Hobby Versus Business

What’s the difference between a hobby and a business? A business operates to make a profit. While hobby activity may result in some income, people engage in a hobby primarily for enjoyment or recreation, not to make a profit.

Expenses incurred by for-profit business activities are generally tax deductible, hobby expenses are not. Hobby income, however, is still taxable. These circumstances lead some individuals to wonder if their personal hobbies can be considered businesses with a profit motive in order to obtain more favorable tax outcomes.

In recent years, more and more taxpayers are reporting secondary income from sources such as entrepreneurial businesses. In 2022, 44% of Americans reported engaging in a “side job” to help them make ends meet.

If a business is a secondary source of income, it is important to clearly distinguish it from a hobby activity. In addition to the intention to make a profit, there are other considerations that come into play to help make the case to the IRS that the activity is a business rather than a hobby.

Safe Harbor Rule

The IRS safe harbor rule indicates that if the business was profitable in at least three of the previous five consecutive years, the IRS will accept that it is engaged for profit. However, for industries such as horse training, breeding or racing, this rule may be extended to a profit in two of the prior seven years, because these endeavors involve a greater amount of risk.

“Treat It Like a Business”

Beyond the Safe Harbor Rule, taxpayers can increase their chances of prevailing against an IRS challenge by treating their activities like businesses rather than hobbies. This is especially important if a business is showing a loss rather than a profit. Ways of treating the activity as a business may include:
• Having a business plan
• Performing market studies
• Advertising
• Having separate books and bank accounts
• Conducting periodic financial reviews
• Employing expert advice or services
• Modifying business operations to improve profitability.

Common pitfalls for taxpayers to avoid include:
• Failing to keep records of revenues and expenses;
• Using personal bank accounts to pay expenses
• Deducting personal expenses not related to business activities

These considerations can be helpful in making the case for a business even with recurring losses.

Other Factors

Other factors are also used by the IRS in determining if an activity is a business engaged for profit. No one factor alone is decisive, and their relative importance depends on the case.

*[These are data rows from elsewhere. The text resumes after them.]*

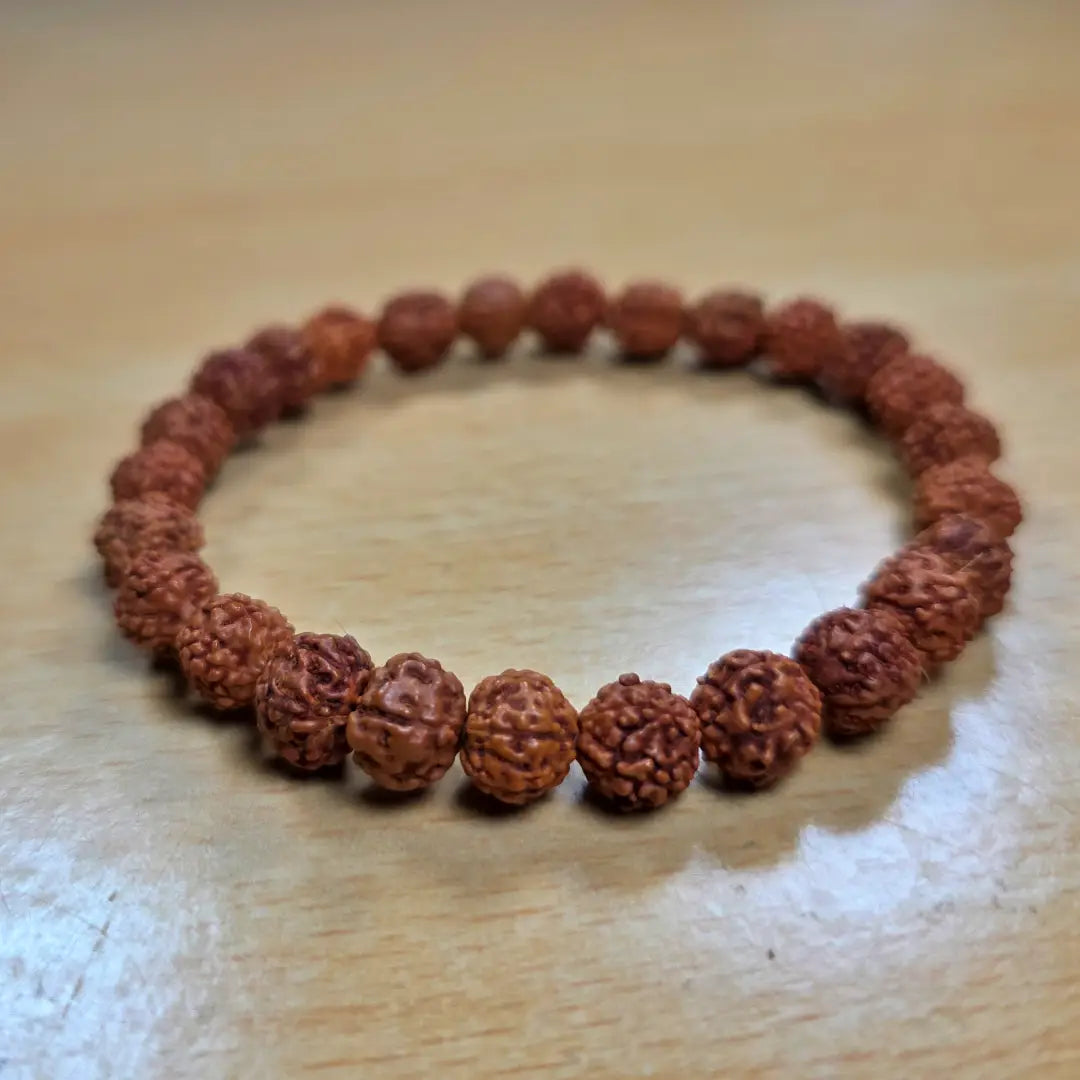 rudraksha bracelet made of brown beads on a wooden surface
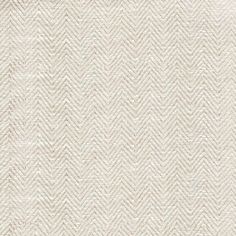 an upholstered white background with herringbones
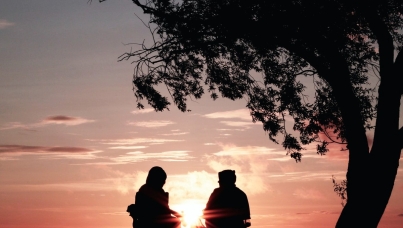 Retired couple sitting in camping chairs at sunset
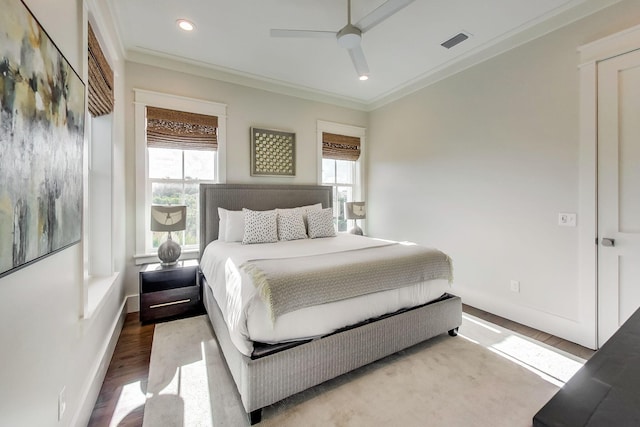 bedroom with hardwood / wood-style flooring, ceiling fan, and crown molding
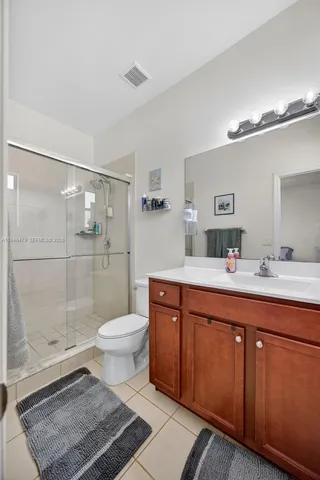 a bathroom with a sink toilet a mirror and shower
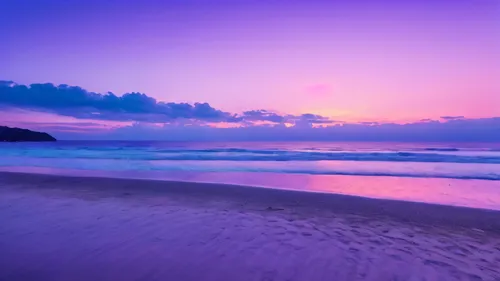 When the sun sets on the beach. The sky is painted with a breathtaking palette of pastel pastel colors - dusty blue, with soft pink colors, And fantastic lavender.Someone is basking in the sun,purple 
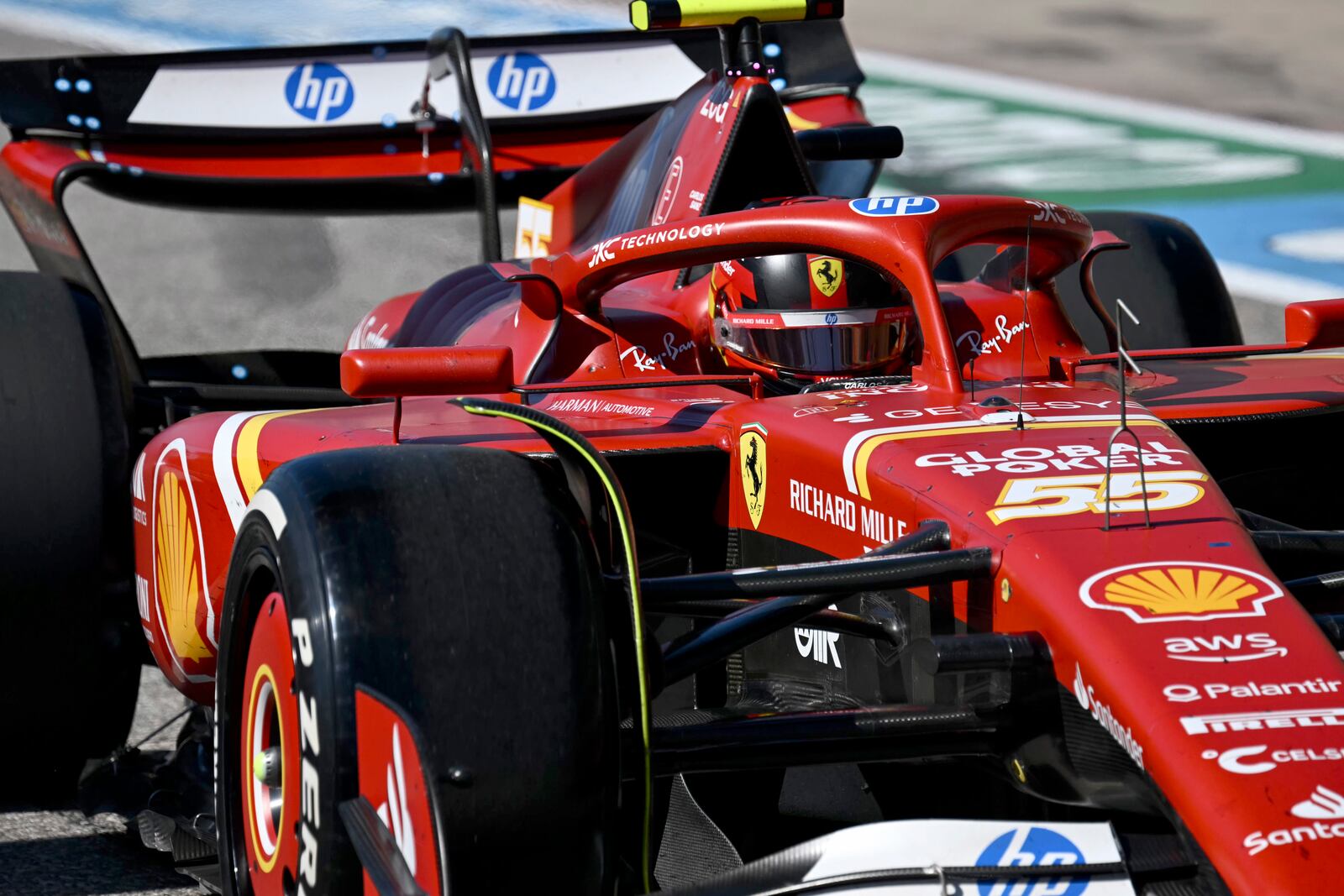 Ferrari driver Carlos Sainz, of Spain, exits pit row during the F1 U.S. Grand Prix auto race at the Circuit of the Americas, Sunday, Oct. 20, 2024, in Austin, Texas. (Patrick Fallon/Pool Photo via AP)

These factors include:

• The manner in which the books and records are maintained
• The expertise of the business owner or advisors, including education or past experience in the type of business.
• The amount of time and effort put into the business
• The dependence on the income for livelihood
• The normalcy of the losses given the industry or uncontrollable circumstances such as fires, natural disasters or economic downturns
• The success in making a profit in similar activities in the past
• The expectation of future profit from the appreciation of the assets used in the activity

Hobby Income

According to the IRS rules, income of more than $400 in a calendar year from a hobby, must be reported as self-employed income. This income is reported on Schedule SE and is subject to self-employment tax.

Whether an activity is a hobby or a business, a CPA can help evaluate the issues and set up the planning and documentation needed for the most advantageous tax outcome.